To that end, as well as the United States putting itself plainly on the record as to its legal rationales in the international community for targeted killing, the Obama administration needs to carry itself both beyond the narrow, inadequate, and not actually accurate legal position pressed by the WSJ editorial – and back to its customary law roots to the position that the US actually intends when it engages in targeted killing through Predators or other means, which is to say, self-defense. The easiest way for the United States to make clear that this is its position as to what international law actually is, and that it is not an innovation on the US part nor a novelty, would be for it to return to Abraham Sofaer’s 1989 address on self-defense, a quite comprehensive speech on this topic regarding non-state actor terrorists, sovereignty and territory, the assassination ban, and other important topics in this area. The WSJ editorial board needs to go back and re-read this speech, and press for it to be reaffirmed as US legal policy, and get away from its mistaken view that the way to approach targeted killing is as yet another way of reaffirming that this is a global war. Self-defense gives the discretionary ability to attack anywhere in the world where a target is located, without having to make claims about a state of armed conflict everywhere and always across the world.
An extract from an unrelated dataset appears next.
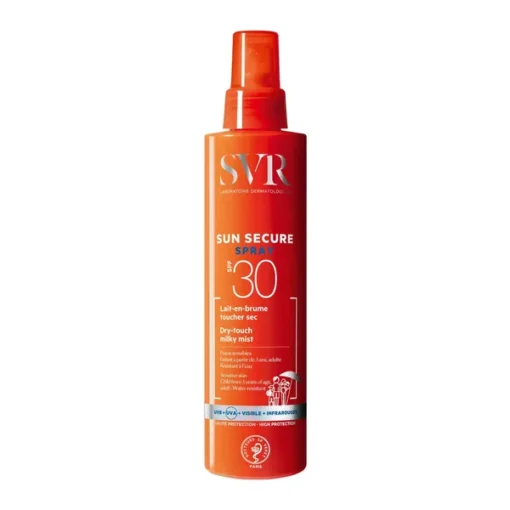 SVR Sun Secure Spray, LSF 30 milchiger Schutznebel, 200 ml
And the Obama administration, for its part, needs to reach beyond its indubitable state practice of targeted killing, and offer some opinio juris on the subject – i.e., its public and declared view of what international law on this topic is, as far as the US is concerned. It should offer an affirmative rationale based in the law as the US has always understood it, and never disavowed – but not exactly reaffirmed in the last twenty years, either. Let’s reduce the legal uncertainty and draw some firm lines. A joint letter, signed by (oh, I don’t know, let’s dream) the general counsels or equivalents of DOS, DOD, DOJ, NSC, CIA, DNI, DHS, White House counsel, and perhaps a couple of others, reaffirming in toto the Sofaer address, and adding that any move by foreign states, courts, prosecutors, or international tribunals to go after American personnel, whether uniformed, civilian, or civilian contractors working to US government specifications, would be regarded as a distinctly unfriendly act.
(I’ll probably go back and fix some things later, but don’t have time now.)